▶ _Recorded data_:
Start of Block

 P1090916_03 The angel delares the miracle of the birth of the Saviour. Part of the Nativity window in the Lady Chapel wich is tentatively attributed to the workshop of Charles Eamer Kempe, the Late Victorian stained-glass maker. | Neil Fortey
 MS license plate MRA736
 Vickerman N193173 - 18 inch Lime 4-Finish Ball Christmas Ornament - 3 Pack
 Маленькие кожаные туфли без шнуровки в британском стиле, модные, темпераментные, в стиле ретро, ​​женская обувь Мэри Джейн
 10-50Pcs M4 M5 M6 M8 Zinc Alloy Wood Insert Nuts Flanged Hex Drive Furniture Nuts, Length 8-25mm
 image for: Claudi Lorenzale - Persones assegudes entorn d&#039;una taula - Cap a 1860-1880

End of Block
Start of Block

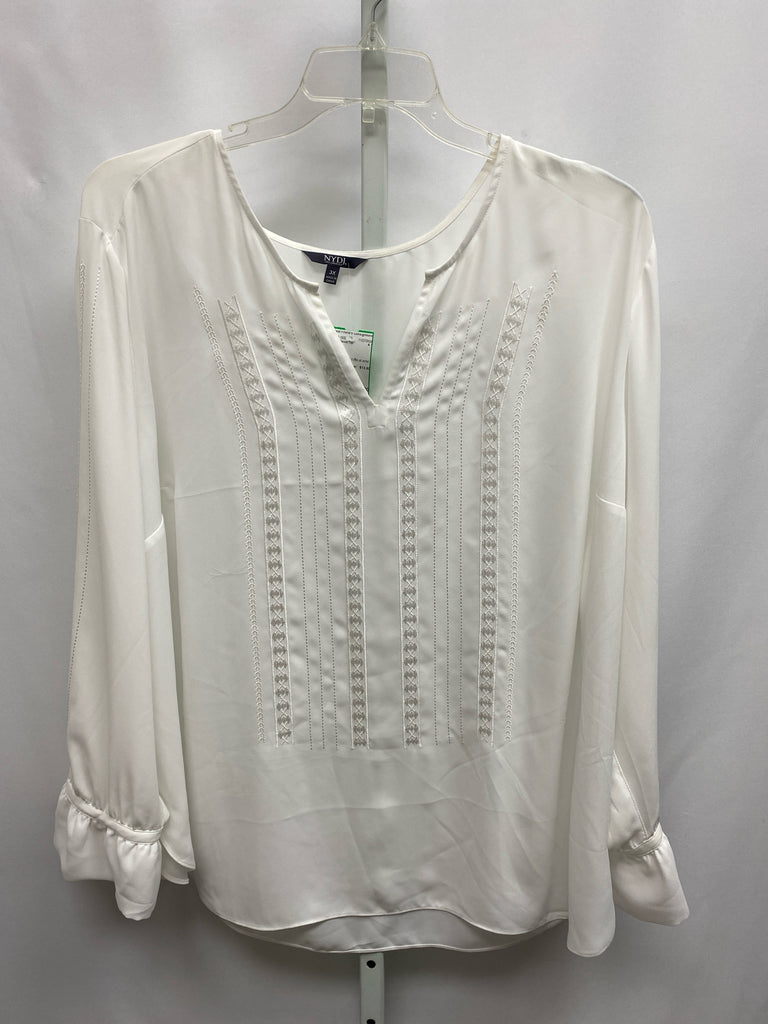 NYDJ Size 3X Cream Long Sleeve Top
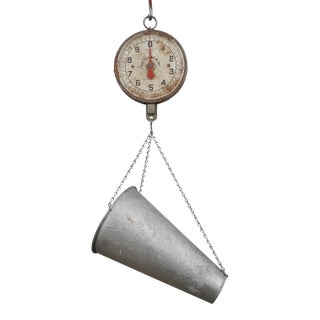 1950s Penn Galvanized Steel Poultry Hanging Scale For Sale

End of Block
Start of Block

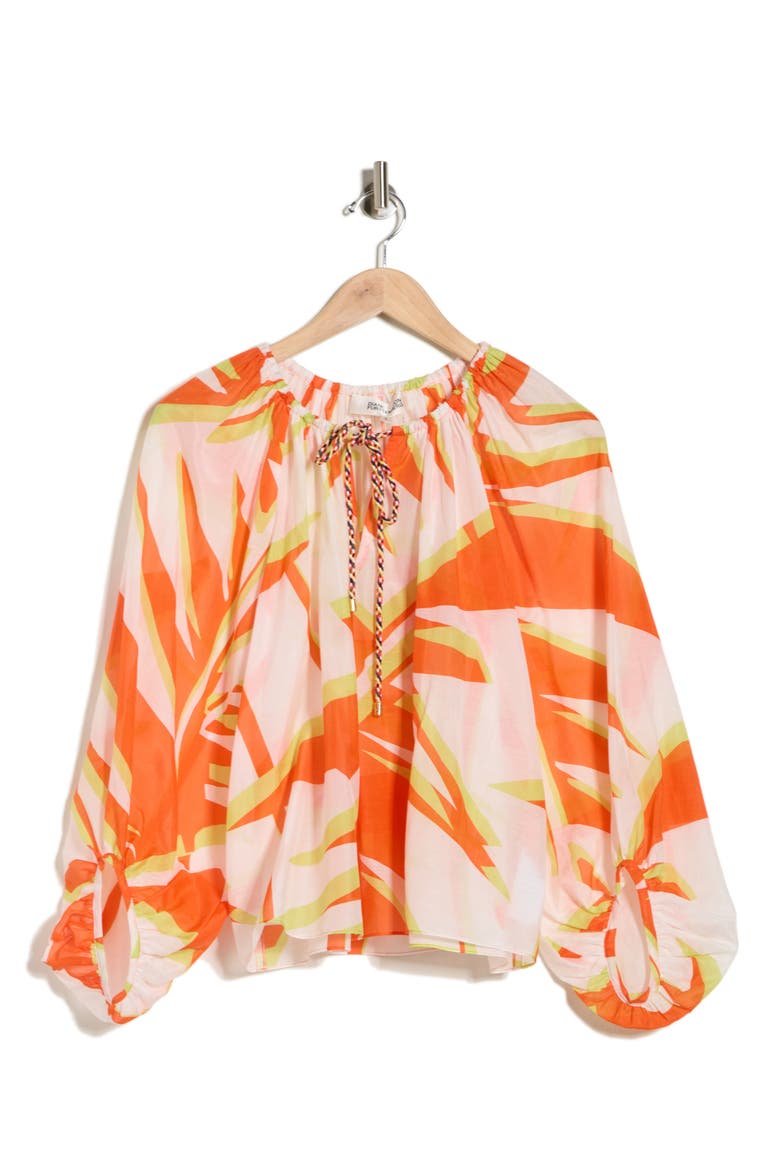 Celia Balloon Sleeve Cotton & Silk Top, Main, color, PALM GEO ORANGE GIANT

End of Block

▶ _The task_: Starting at the line with "NYDJ Size 3X Cream Long Sleeve Top" and finishing at the line with "1950s Penn Galvanized", copy the material above exactly, both lines included. Nothing else goes in, and no pictures.

▶ _Task result_:
 NYDJ Size 3X Cream Long Sleeve Top
 1950s Penn Galvanized Steel Poultry Hanging Scale For Sale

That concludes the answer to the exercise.